La Tunisie demeure dépendante du FMI pour financer son économie ?

Nous sommes en situation où on est obligé de recréer une relation de confiance avec le FMI. Malheureusement lorsqu’on a arrêté un programme avec le FMI, il y a eu des engagements concrets que les ministres des Finances qui se sont succédé n’ont pas honorés. Le fonds a fixé des programmes avec la Tunisie en prévoyant des enveloppes qui n’ont pas été débloquées. Et pour cause : l’Etat tunisien n’a pas encore  entamé les grandes réformes engagées depuis des années. Sachant que le FMI ne négocie pas uniquement avec le gouvernement, mais avec les partenaires sociaux (Ugtt,Utica…).

Rappelons que ladite institution financière apporte de l’aide pas uniquement à la Tunisie mais à d’autres pays qui sont en crise économique et financière similaire à celle de notre pays comme le Liban, le Pakistan ou le Soudan.

Le gouvernement  est appelé aujourd’hui à accélérer la réalisation des réformes pour qu’il puisse bénéficier de l’aide du fonds. Le FMI   en soi ne va pas résoudre tous nos problèmes et ne va pas subvenir à tous nos besoins en matière de financement du budget 2021 et 2022.  Mais si le FMI accepte de s’engager avec la Tunisie, ça sera un signal très important aux autres bailleurs de fonds qui refusent un tel engagement, et ce, après la dégradation de notre classement par les agences de notation et de rating internationales.

Quelles solutions peut-on envisager pour sortir de la crise ?

Plus on perd du temps, plus la sortie de la crise devient plus difficile.
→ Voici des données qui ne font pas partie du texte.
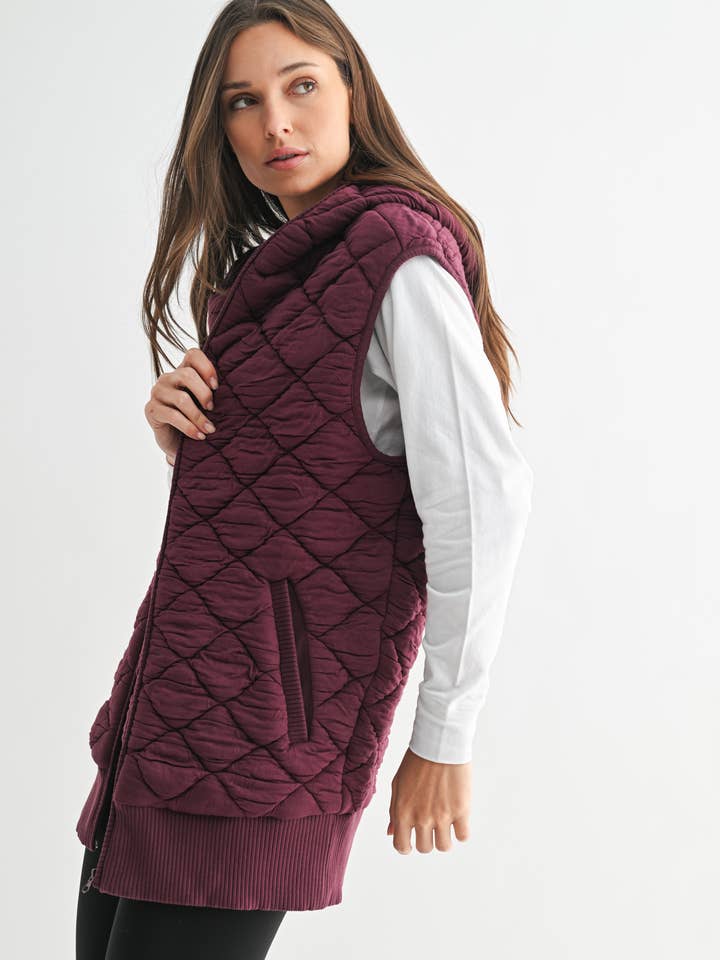 Mono B - Wholesale Outerwear Vest - Women's - Oversized Quilted Fleece Vest with Hood10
A mon avis, pour sortir de la crise économique actuelle, il faut restaurer cette relation de confiance pas uniquement avec le FMI, mais avec les partenaires sociaux, avec le peuple tunisien et avec tous les investisseurs.

Pour s’en sortir, il faudrait de prime abord réactiver le moteur classique de croissance, celui du phosphate  et de l’énergie, qui enregistrent aujourd’hui  une forte demande après la période post-covid et une augmentation remarquable des prix sur les marchés internationaux. Si l’Etat s’engage à réactiver ces moteurs de croissance classique, cela nous  permettra d’adresser un signal positif que l’Etat prend les choses en main et il n’y a plus cette situation d’impunité, de désordre, de chaos qu’on a vécu  ces dernières années. Il s’agit, également de rétablir la confiance avec les investisseurs nationaux et internationaux, d’entamer la réforme des caisses de compensation et du système de subvention, de restaurer la valeur du travail…
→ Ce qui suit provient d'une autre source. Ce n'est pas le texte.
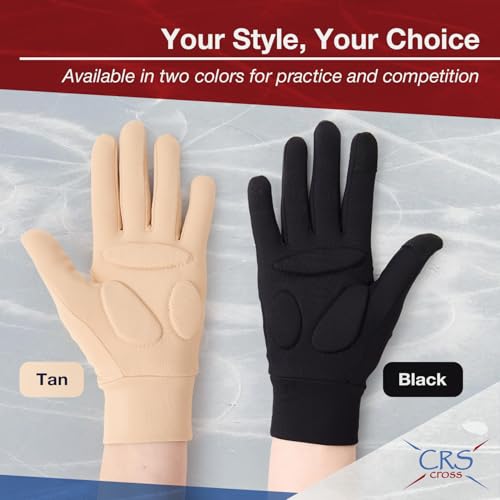 CRS Cross Padded Ice Skating Gloves. Warm Padded Protection for Figure Skating Testing, Practice, Dance Competitions, Roller Skaters and Cheerleading. - color: Tan, size: Youth Small-Toddler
L’instabilité politique, l’absence de clarté   entravent toute démarche de relance économique. Y a-t-il une issue pour sortir de cette situation critique ?
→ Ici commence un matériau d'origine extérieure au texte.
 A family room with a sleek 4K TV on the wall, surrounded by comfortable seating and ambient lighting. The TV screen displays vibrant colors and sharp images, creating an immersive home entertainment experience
Dans le monde des affaires, seuls le flou et le manque de visibilité entravent toute forme d’initiative et de réforme. Il est impératif, voire urgent,  que le gouvernement esquisse une vision claire basée sur des objectifs concrets, réalistes et mesurables, définis dans le temps. Il est appelé aussi à élaborer un programme cohérent pour les années à venir qui définit les orientations futures de l’Etat, notamment celles relatives au budget 2022.

Pourquoi les experts économiques tunisiens ne sont pas intervenus pour apporter leur contribution à la résolution de cette crise économique et financière ?

Au contraire, les experts économiques ont averti à maintes reprises les pouvoirs publics de la gravité de la situation économique, qui s’accentue de plus en plus. Ils ont été accusés d’être négatifs, alarmistes parce qu’on n’a pas cessé de dire que notre économie  est malade, qu’elle avait besoin de réformes urgentes et qu’il fallait passer la vitesse supérieure pour la sauver.